NEW YORK -- Three thoughts on Gennady Golovkin’s third-round knockout of Daniel Geale and Bryant Jennings' narrow decision win over Mike Perez at Madison Square Garden.
Golovkin continues to terrorize, well, everyone
Golovkin is as close to must-see TV as there is in boxing right now, a 160-pound wrecking ball who actively seeks to destroy every opponent he faces. He’s a pocket Mike Tyson, with power that has opponents nervous before they even step into the ring. Daniel Geale is the most accomplished opponent on Golovkin’s résumé, a two-time world champion who went into Germany -- twice -- to win world titles. And Golovkin just destroyed him. Golovkin dropped Geale with a looping right hand in the second round and peppered him with thudding power punches. In the third, he did one better. After Geale landed a solid left hand, Golovkin, leaning backwards, connected on a crushing right hand counter that sent Geale careening to the canvas. Geale popped right up but could never get his bearings and referee Michael Ortega wisely waved off the fight. It was another devastating performance from the most entertaining fighter in boxing.
Said Geale’s promoter, Gary Shaw, “In all my years of boxing, Golovkin is the best 160-pounder I have ever seen.”
Does anyone want next?
Golovkin has made his feelings on his future clear: He wants to unify the middleweight titles. That means WBC champ Miguel Cotto, WBO titleholder Peter Quillin and IBF champion Sam Soliman. After the fight, Golovkin called out Cotto, who claimed his piece of the title with a dominating win over Sergio Martinez last month. Cotto-Golovkin would be a huge fight at MSG, and Golovkin’s promoter, Tom Loeffler, made it clear that Golovkin would be accommodating to Cotto’s financial demands.

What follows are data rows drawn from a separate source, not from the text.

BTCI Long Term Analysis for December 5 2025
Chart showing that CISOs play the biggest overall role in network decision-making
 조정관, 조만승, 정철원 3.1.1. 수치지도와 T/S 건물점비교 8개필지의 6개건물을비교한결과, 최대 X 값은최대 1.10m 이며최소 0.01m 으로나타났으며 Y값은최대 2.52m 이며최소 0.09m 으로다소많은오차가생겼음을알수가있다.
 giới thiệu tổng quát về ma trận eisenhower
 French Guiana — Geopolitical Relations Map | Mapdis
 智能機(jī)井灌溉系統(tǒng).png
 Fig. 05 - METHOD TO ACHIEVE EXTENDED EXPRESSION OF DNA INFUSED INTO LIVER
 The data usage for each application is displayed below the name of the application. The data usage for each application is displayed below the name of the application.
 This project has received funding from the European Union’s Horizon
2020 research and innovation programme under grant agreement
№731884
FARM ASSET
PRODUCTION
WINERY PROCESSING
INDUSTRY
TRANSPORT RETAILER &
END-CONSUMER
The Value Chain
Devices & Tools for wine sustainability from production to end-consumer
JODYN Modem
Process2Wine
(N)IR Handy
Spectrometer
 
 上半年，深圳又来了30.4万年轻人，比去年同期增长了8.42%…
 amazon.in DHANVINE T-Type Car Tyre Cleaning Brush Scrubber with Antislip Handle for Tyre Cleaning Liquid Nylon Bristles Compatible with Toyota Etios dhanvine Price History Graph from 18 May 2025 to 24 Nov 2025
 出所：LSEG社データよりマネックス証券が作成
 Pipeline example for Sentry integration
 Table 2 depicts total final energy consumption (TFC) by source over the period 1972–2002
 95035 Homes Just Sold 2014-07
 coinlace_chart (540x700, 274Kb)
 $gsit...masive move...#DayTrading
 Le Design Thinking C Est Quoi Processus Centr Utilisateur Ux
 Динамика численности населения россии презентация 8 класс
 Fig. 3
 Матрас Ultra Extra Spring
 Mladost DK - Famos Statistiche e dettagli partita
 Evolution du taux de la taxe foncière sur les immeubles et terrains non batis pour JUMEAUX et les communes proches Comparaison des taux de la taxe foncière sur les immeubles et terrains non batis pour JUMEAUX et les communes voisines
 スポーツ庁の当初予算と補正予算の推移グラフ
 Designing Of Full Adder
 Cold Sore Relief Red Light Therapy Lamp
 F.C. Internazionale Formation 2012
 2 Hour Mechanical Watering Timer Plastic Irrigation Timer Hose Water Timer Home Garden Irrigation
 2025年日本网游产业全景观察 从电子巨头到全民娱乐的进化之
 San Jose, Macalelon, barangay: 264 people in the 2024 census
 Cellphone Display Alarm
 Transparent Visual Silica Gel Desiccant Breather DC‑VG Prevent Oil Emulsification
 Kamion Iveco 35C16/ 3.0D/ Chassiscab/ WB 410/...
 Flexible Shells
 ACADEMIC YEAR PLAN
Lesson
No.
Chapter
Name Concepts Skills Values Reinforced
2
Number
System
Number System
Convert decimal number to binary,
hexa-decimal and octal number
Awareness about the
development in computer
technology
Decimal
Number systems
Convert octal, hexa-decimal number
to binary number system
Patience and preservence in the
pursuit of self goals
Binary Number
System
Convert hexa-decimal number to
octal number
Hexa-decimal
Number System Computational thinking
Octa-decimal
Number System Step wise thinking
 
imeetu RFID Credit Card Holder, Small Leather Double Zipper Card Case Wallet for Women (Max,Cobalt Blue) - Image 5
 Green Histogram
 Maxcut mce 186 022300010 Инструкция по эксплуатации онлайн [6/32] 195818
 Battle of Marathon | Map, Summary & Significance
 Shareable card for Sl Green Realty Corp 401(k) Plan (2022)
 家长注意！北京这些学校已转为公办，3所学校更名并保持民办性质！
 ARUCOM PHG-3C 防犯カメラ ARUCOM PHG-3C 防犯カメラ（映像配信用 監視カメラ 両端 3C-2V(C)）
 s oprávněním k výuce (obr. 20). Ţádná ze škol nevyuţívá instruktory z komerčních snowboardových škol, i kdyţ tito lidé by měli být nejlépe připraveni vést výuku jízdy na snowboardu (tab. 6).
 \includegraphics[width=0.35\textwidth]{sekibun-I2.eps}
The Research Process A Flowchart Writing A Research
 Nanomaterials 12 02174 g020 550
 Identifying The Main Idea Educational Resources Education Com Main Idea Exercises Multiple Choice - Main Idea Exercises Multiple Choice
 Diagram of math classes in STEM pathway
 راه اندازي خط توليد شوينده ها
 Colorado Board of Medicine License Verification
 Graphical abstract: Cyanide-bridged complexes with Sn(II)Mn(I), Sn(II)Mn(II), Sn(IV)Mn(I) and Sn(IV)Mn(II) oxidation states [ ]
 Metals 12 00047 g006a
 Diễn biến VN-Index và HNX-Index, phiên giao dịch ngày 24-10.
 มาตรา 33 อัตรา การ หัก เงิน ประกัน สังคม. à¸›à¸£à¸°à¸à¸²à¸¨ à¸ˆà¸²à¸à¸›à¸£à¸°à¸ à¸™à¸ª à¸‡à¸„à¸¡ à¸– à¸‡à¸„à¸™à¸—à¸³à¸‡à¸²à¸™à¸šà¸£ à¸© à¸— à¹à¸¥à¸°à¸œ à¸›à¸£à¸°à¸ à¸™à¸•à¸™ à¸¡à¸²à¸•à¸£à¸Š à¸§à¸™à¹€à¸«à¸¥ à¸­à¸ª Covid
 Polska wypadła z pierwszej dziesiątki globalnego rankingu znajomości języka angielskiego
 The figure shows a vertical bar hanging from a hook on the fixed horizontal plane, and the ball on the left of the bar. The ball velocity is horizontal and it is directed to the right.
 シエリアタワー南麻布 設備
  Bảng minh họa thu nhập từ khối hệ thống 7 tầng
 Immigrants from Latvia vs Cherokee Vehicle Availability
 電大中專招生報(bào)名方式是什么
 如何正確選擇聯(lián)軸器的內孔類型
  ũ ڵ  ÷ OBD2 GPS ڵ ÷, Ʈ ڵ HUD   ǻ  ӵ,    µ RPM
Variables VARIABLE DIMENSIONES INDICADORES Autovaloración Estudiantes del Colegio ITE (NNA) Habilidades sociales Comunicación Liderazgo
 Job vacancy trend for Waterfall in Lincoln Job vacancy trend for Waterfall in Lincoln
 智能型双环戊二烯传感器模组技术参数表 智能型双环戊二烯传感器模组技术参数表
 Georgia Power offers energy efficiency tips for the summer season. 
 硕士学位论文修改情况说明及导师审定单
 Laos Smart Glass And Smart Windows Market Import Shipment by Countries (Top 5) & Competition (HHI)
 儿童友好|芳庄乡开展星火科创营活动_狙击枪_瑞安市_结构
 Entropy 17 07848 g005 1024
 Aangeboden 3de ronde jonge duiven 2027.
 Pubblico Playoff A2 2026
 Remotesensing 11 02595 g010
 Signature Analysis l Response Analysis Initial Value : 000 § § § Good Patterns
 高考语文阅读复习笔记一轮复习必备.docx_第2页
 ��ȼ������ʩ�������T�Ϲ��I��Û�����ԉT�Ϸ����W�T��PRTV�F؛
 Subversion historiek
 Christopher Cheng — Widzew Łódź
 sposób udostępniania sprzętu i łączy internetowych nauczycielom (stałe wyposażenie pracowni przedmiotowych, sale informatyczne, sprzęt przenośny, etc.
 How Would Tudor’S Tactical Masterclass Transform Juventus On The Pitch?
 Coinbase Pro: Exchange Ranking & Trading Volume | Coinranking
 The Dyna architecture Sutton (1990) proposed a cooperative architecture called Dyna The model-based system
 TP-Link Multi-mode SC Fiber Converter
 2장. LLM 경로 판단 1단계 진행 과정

“Cotto would make a lot of money in a fight with Golovkin,” Loeffler said. “Gennady is fine being the B-side. He’ll be the C-side for the fight.”
Quillin is another option, though Quillin told SI.com recently that he is committed to fighting on Showtime. Golovkin fights exclusively on HBO. And it’s hard to imagine any middleweight getting into the ring with Golovkin without a huge financial incentive.
“We can’t force anyone to fight,” Loeffler said. “But we’ll fight anyone.”
Big win for Bryant Jennings
With Vitali Klitschko’s decision to vacate his WBC heavyweight title, the division has opened up a bit. In May, Bermane Stiverne knocked out Chris Arreola to win the vacant title. This fall, Stiverne will defend the belt against Deontay Wilder, the No. 1 contender. The winner of that fight is obligated to face Jennings, who moved into a mandatory position with a narrow split decision win over Mike Perez. Perez was the aggressor early, dictating the tempo of the fight, consistently beating Jennings to the punch. But from the seventh round on Perez started to fade while Jennings, who is always in shape, came on. Jennings landed the heavier punches (136 power punches to 104 for Perez, per CompuBox) while Perez seemed content to hit and hold on. The difference maker came in the 12th, when Perez was penalized a point for hitting Jennings during a break. Without the penalty, the fight would have been scored a draw. The deduction allowed Jennings to escape with the win and move one step closer to a heavyweight title.